This team has no future.

(And no, not even a much-needed coaching change will do anything about that).

To see if the Washington Wizards have any hope of escaping the shackles of mediocrity, I looked at each of the past 30 teams (so 1991 through 2020) that snuck into the final playoff spot like the Wizards did, aka the playoff team with the worst record. Here’s what I found:

The Teams that Stayed the Course

Of the 30 teams, 11 stayed the course. One (1) of these was the 1999 New York Knicks — the only eight-seed to ever make the NBA Finals.
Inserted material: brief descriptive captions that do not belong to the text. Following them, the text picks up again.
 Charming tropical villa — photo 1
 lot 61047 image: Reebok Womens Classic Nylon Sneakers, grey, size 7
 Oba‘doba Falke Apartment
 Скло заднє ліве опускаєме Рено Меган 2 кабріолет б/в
This is very atypical and speaks more about the uniqueness of the 50-game lockout season than about the actual quality of those Knicks. Let’s throw them out.

Three (3) of these became relevant/interesting teams in the ensuing years:

  1. 2000 Milwaukee Bucks
    This team kept pretty much the entire rotation intact – a core of Ray Allen, Glenn Robinson, and Sam Cassell surrounded by role guys like Ervin “No Magic” Johnson and Tim Thomas. In 2001, they ended up one game away from the NBA Finals thanks to career years from Allen (making the first of his two All-NBA selections) and Robinson, improved defense, and a dreadful Eastern Conference.
  2. 2005 New Jersey Nets
    With back-to-back Finals runs in the twilight, the Nets made a blockbuster trade to acquire a disgruntled Vince Carter to go with Jason Kidd and Richard Jefferson. They went 33-23 after that and then won a playoff series in 2006 and 2007.
  3. 2017 Portland Trail Blazers
    Another team that made a heist, the Blazers fleeced the Nuggets for Jusuf Nurkic. With Nurkic in the lineup, the Blazers proceeded to go 14-6 down the stretch. Since then, Damian Lillard has somehow taken another leap (one All-NBA 1st team and three All-NBA 2nd teams), which has lifted Portland to decency.
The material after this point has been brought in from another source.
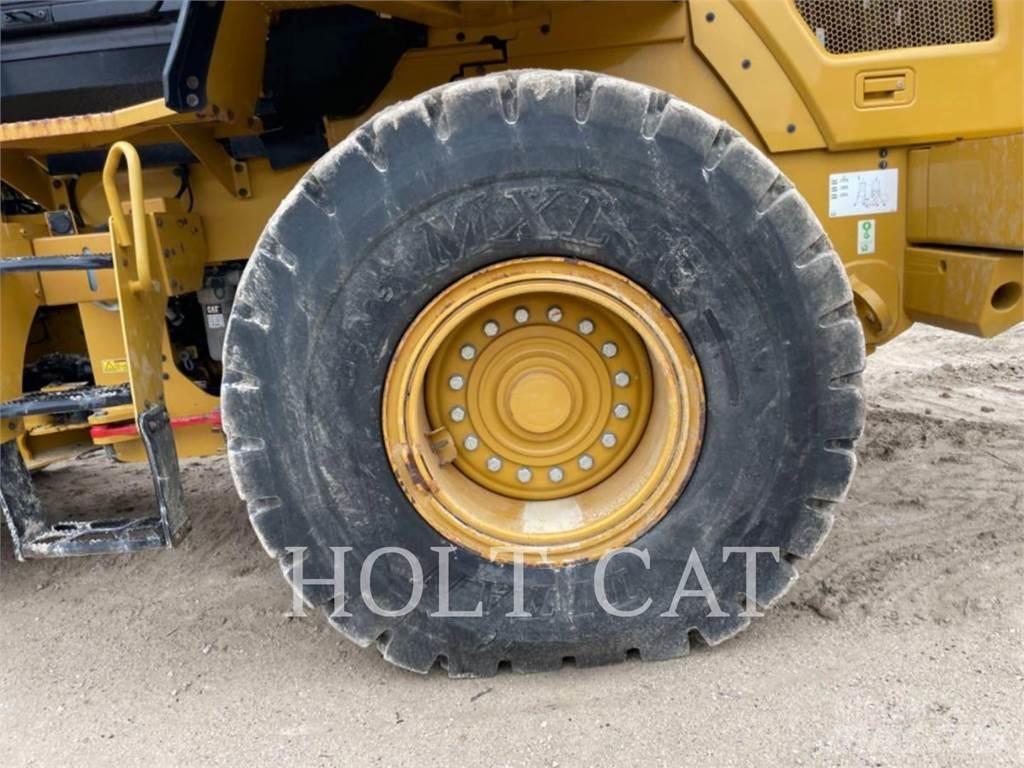 CAT 938M QC Pale gommate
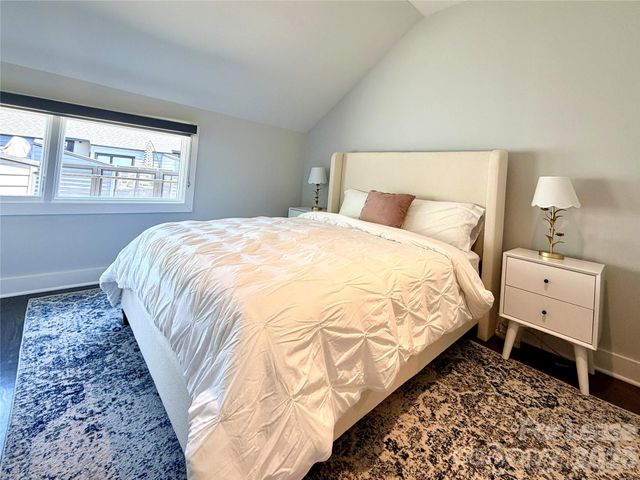 1070 Kenilworth Avenue, Charlotte, NC 28204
Five (5) of these 11 teams drifted into the wilderness in the ensuing years:

  1. 1992 Miami Heat
    The Heat ran it back with a 26-and-under nucleus headlined by Glen Rice and Steve Smith. The franchise remained painfully mediocre (36, 42, 32, and 42 wins, respectively, in each of the next four seasons) until Pat Riley showed up (more on that later).
  2. 1998 New Jersey Nets
    John Calipari’s Nets were supposed to be an Eastern Conference cellar-dweller in 1998. Instead, they were somehow decent (?)  with veterans like Sam Cassell and Kendall Gill, rookie Keith Van Horn, and sophomore Kerry Kittles, and were surprisingly competitive in the first round vs. Jordan’s Last Dance. The next season, they started 3-18 (due largely to a Cassell injury). Calipari was fired, Cassell was dealt for Stephon Marbury, and it took three more lousy seasons before the Nets became exciting again.
  3. 2002 Toronto Raptors
    Following the best (up to that point) campaign in franchise history in 2001, the bottom fell out on the Toronto Raptors quickly thanks to two straight injury-riddled seasons for Vince Carter. In 2002, they snuck into the playoffs, but after that, it was four seasons of irrelevancy (35.7 win percentage from 2003 to 2006, good for a 29-win pace over 82 games) despite drafting Chris Bosh. Eventually, Carter (and Bosh) bolted, and it was another 15 years before Toronto won a playoff series.
  4. 2006 Milwaukee Bucks
    In 2006, star shooting guard Michael Redd dragged rookie Andrew Bogut, T.J. Ford, and an assortment of random role players to a 40-42 record and a 4-1 first-round loss. Sound familiar? After that, the Bucks were (mostly) terrible despite trying to stay competitive until the “Fear the Deer” season in 2010. Thanks, Amar’e!
  5. 2018 Washington Wizards
    Everybody eats! By now, we all know the complete series of events that followed this season. The infamous practice. John Wall immediately becoming an albatross. Otto Porter getting shipped out for salary flotsam. The Marshon/Dillon Brooks fiasco. Dwight Howard. Zero lottery luck. Hey, but at least Bradley Beal wants to stay. That’s all that matters, right?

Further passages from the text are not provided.